A NETWORK FLOW MODEL FOR THE VEHICLE ROUTING PROBLEM WITH TIME WINDOWS AND MULTIPLE ROUTES

The Vehicle Routing Problem (VRP) is a combinatorial optimization problem that has been widely studied in the literature, ever since it was formulated for the first time in (Dantzig and Ramser 1959). It can be seen as a generalization of another well know combinatorial problem, the traveling salesman problem, which can be described as a VRP with one vehicle, no depot, no vehicle capacities and no customer demands. Generally speaking, it is the problem of scheduling a fleet of vehicles to visit a set of customers, to whom they must deliver or collect a demanded quantity of goods. The problem consists of finding the best set of routes, according to a given objective function, such that all operational constraints of the vehicles are respected, and the set of customers is covered. This objective function can be the minimization of all traveling costs, the maximization of the number of served customers, or some combination of these or other factors.

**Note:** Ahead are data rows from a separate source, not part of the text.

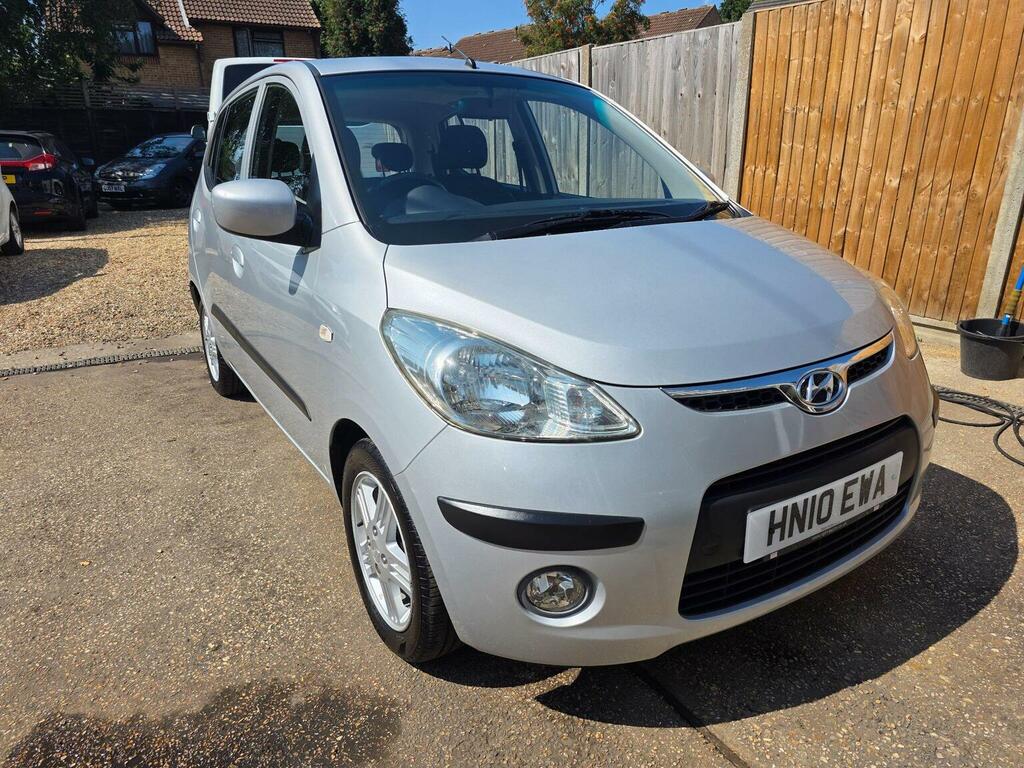 Hyundai I10 Hatchback 1.2 Style Euro 4 201010 Silver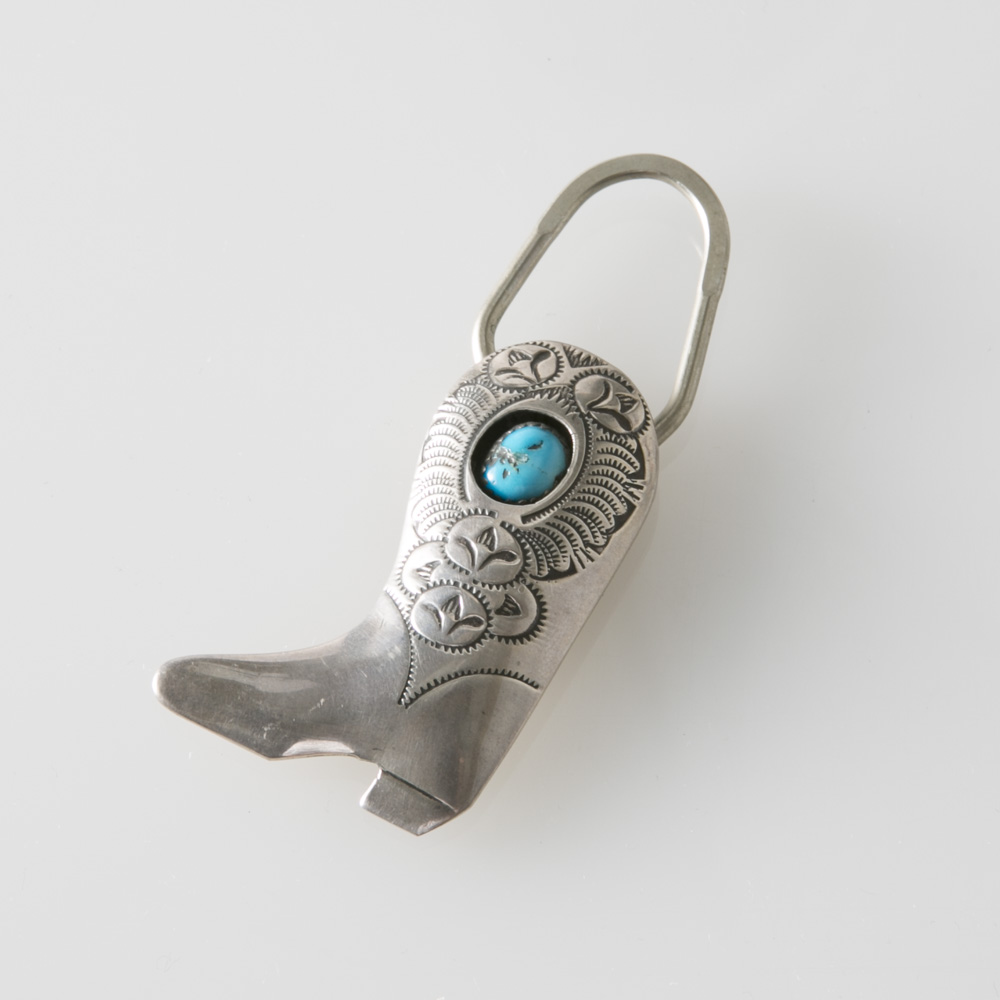 インディアン ジュエリー INDIAN JEWELRY キーリング Native Jewelry ウエスタンブターコイズ  NAVAJO-S175【FITHOUSE ONLINE SHOP】 | フィットハウス公式オンラインショップ | FIT HOUSE ONLINE  SHOP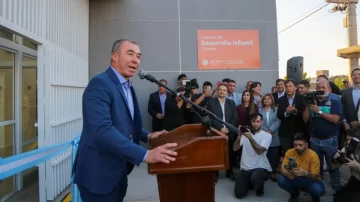 Con un nuevo Centro de Desarrollo Infantil en Caucete, San Juan reforzó el apoyo a la primera infancia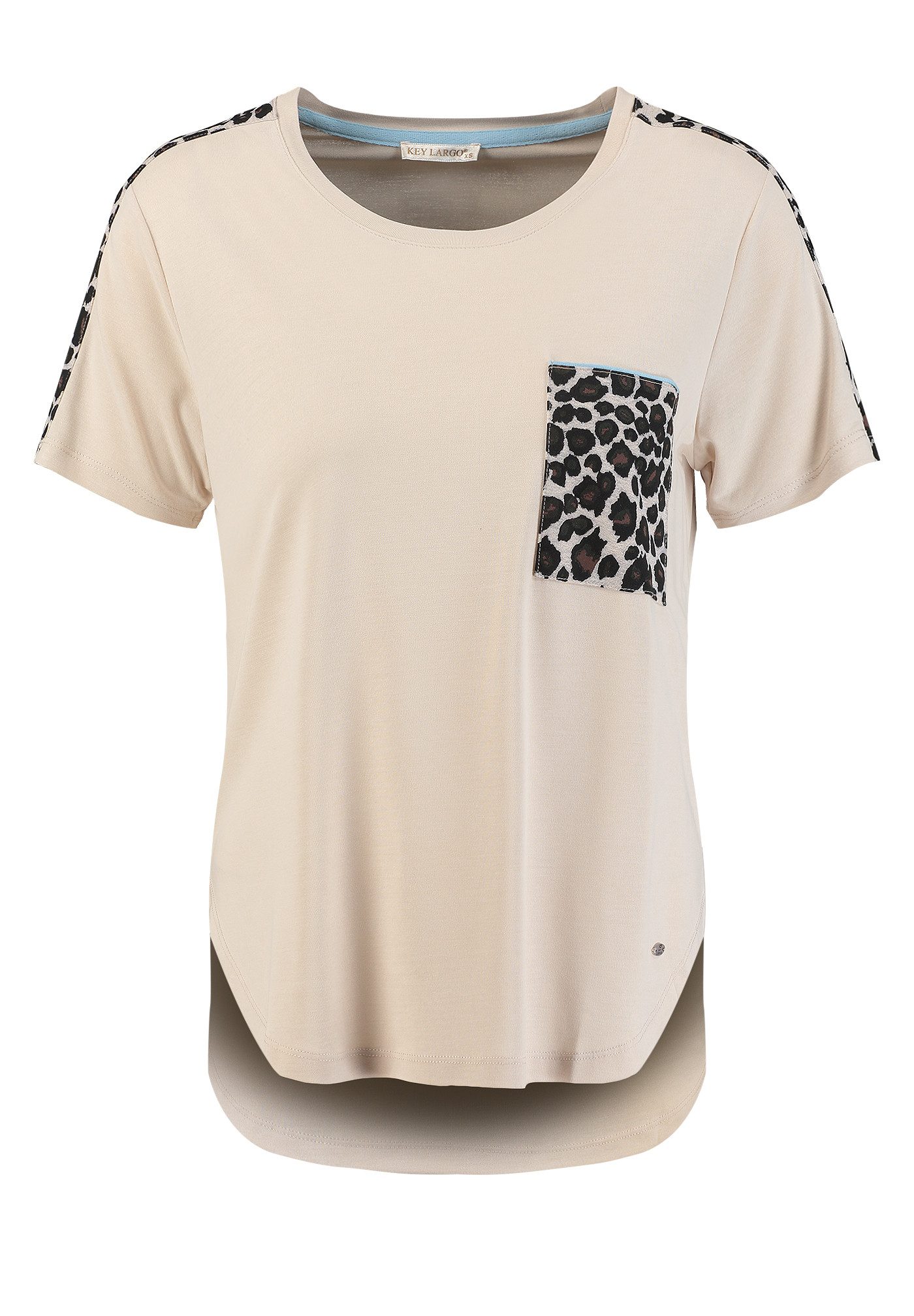 Key Largo T-Shirt WT KITTY round (1er)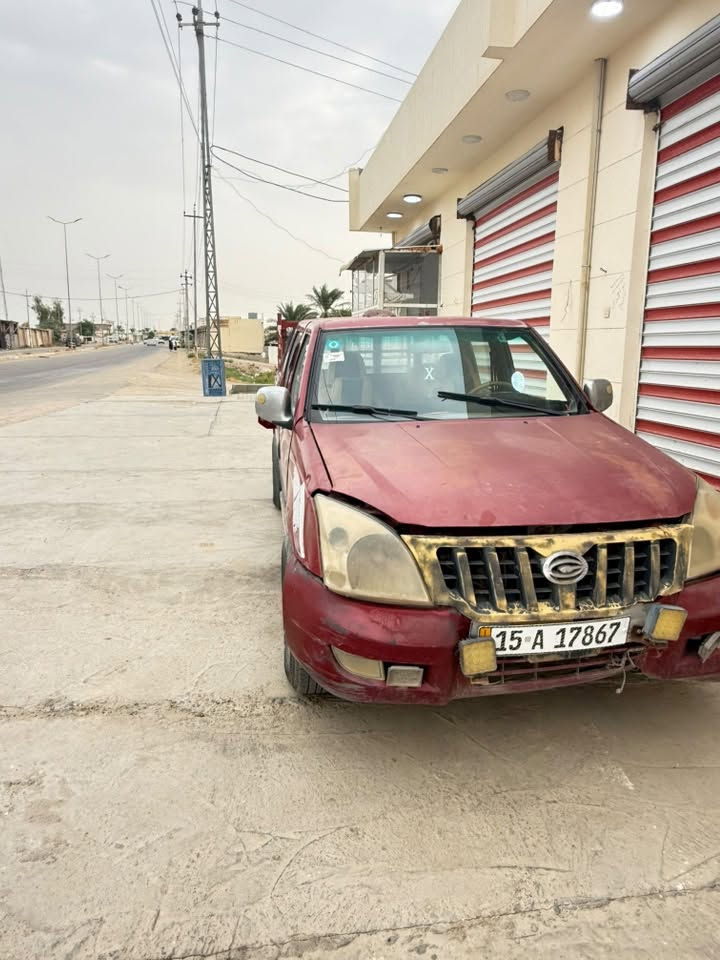 بيك اب كنو • ٢٠٠٩ • رقم أنبار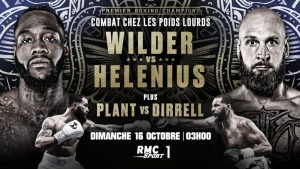 Wilder vs Helenius (TV/Streaming) Sur quelle chaine suivre le combat de Boxe ?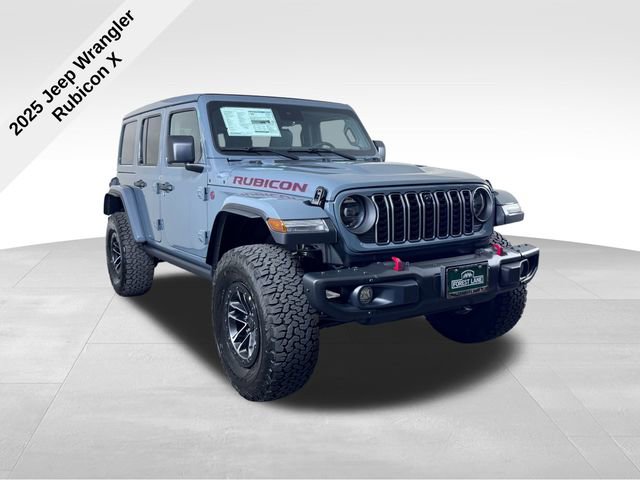New 2025 Jeep Wrangler Unlimited Rubicon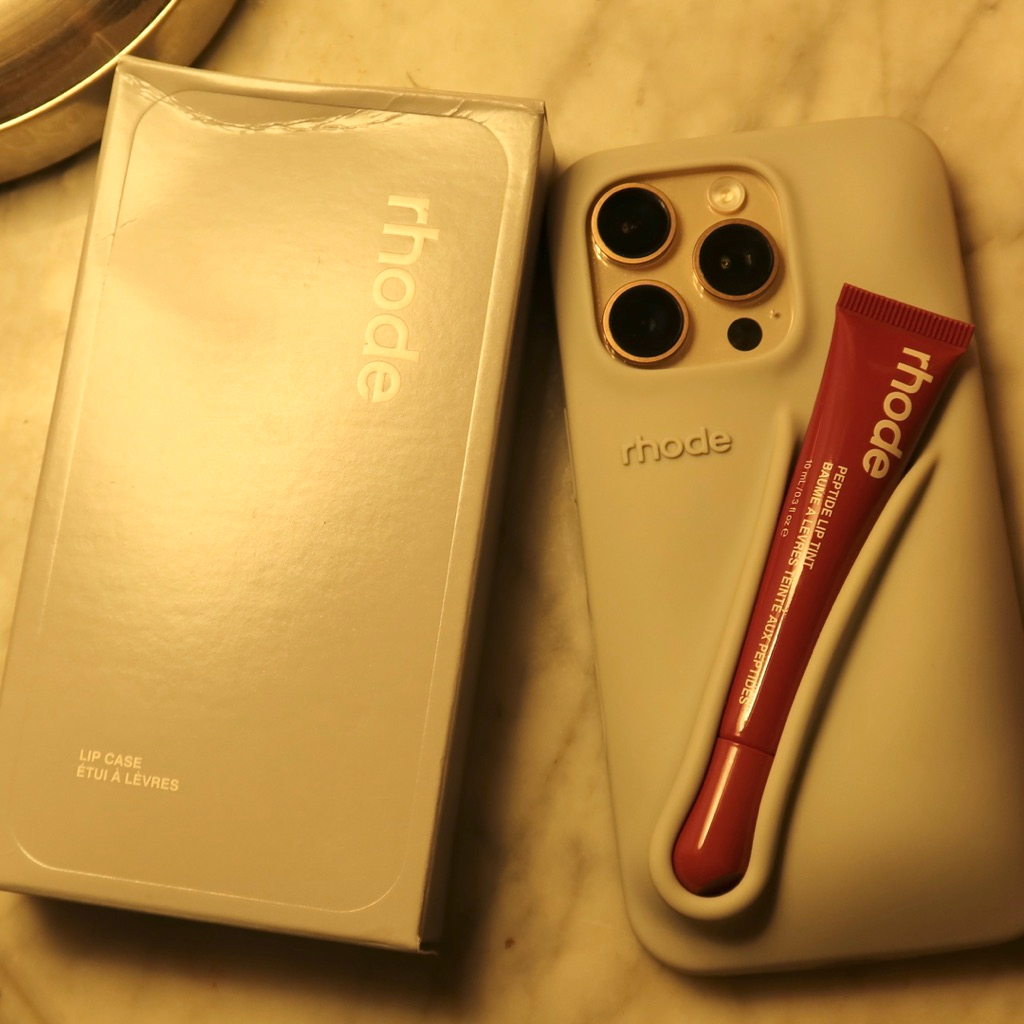 [PRELOVED] Rhode Lip Case for iPhone 16 Pro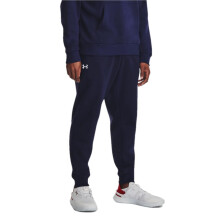 Jogging Rival Fleece Under Armour Homme, (410) Midnight Navy / Blanc, 4X-Large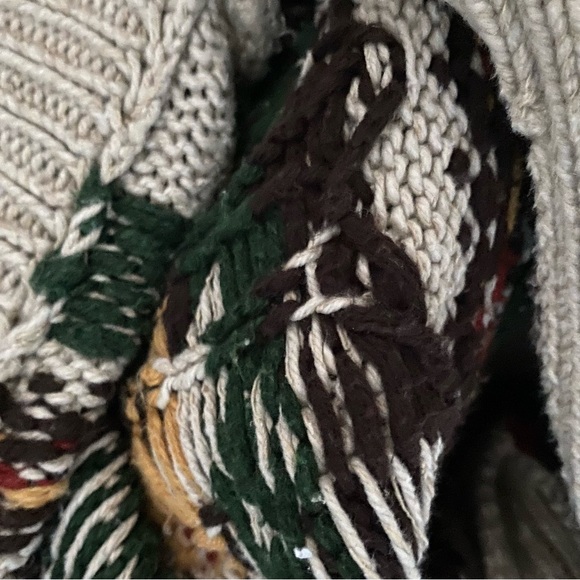 Hand-knit Cotton/linen/silk Polo Ralph Lauren sweater - Picture 6 of 6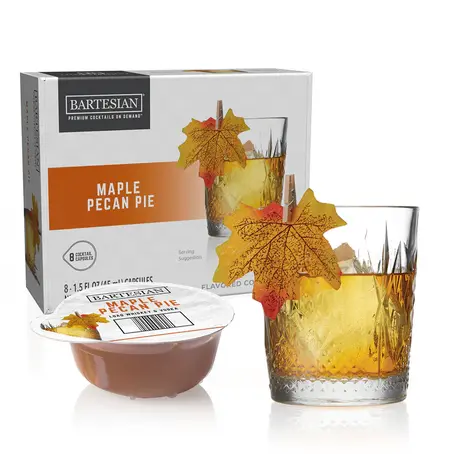 Bartesian Maple Pecan Pie Cocktail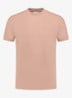 T-shirt met ronde hals - Dusty Pink-682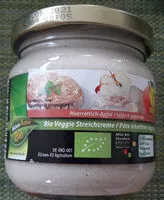 Mängden socker i Pâte à tartiner veggie bio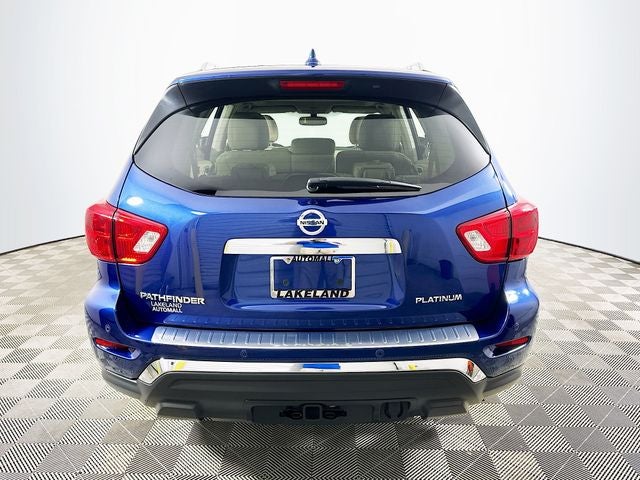 2019 Nissan Pathfinder Platinum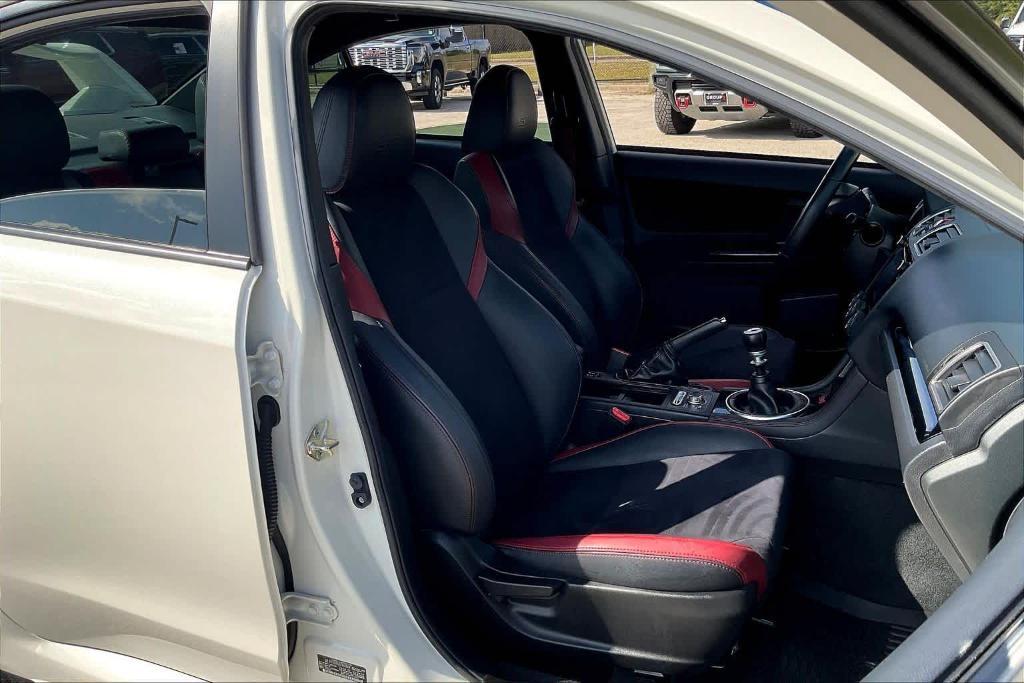 used 2020 Subaru WRX STI car, priced at $29,417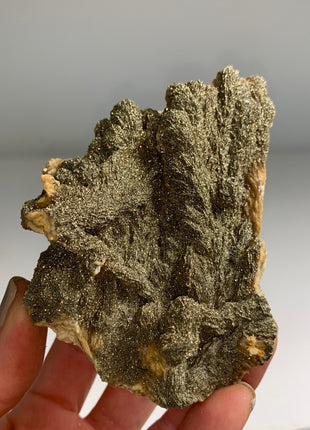 Wow ! Yellow Barite Flowers with Pyrite 🔥
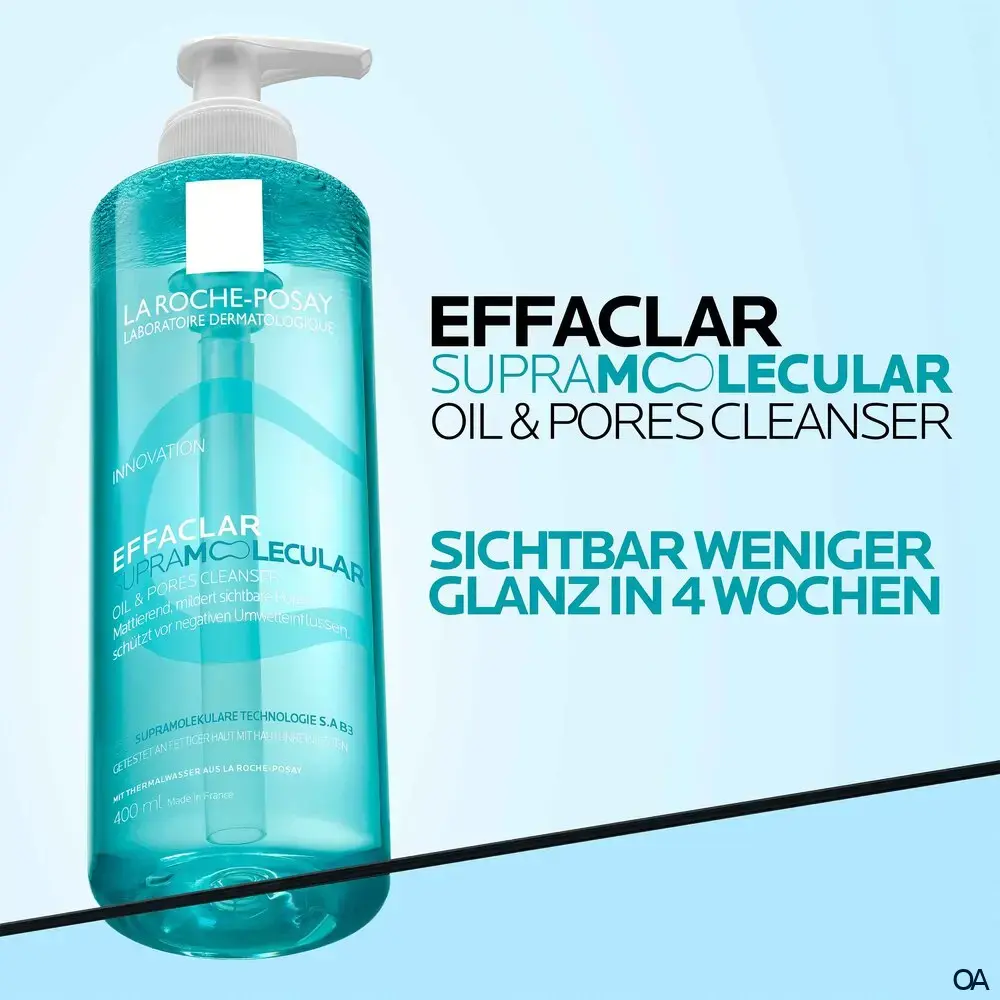 La Roche Posay Effaclar Supramolecular Care Reinigungsgel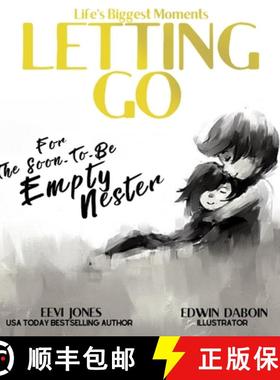 【3-4周达】Letting Go: For The Soon To Be Empty Nester [9781952517037]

The VRP is well-know to be NP-hard, and so are most of its variants. Its solution methods include several heuristic and metaheuristic approaches, as well as some exact methods, mainly based on branch-and-bound techniques. The classical version of the VRP is commonly called the Capacitated Vehicle Routing Problem, as the vehicles in the fleet have limited capacities. There are several variants of this problem. In (Toth and Vigo 2002; Cordeau, J.-F et al. 2007), the authors describe the VRP and some of its main variants.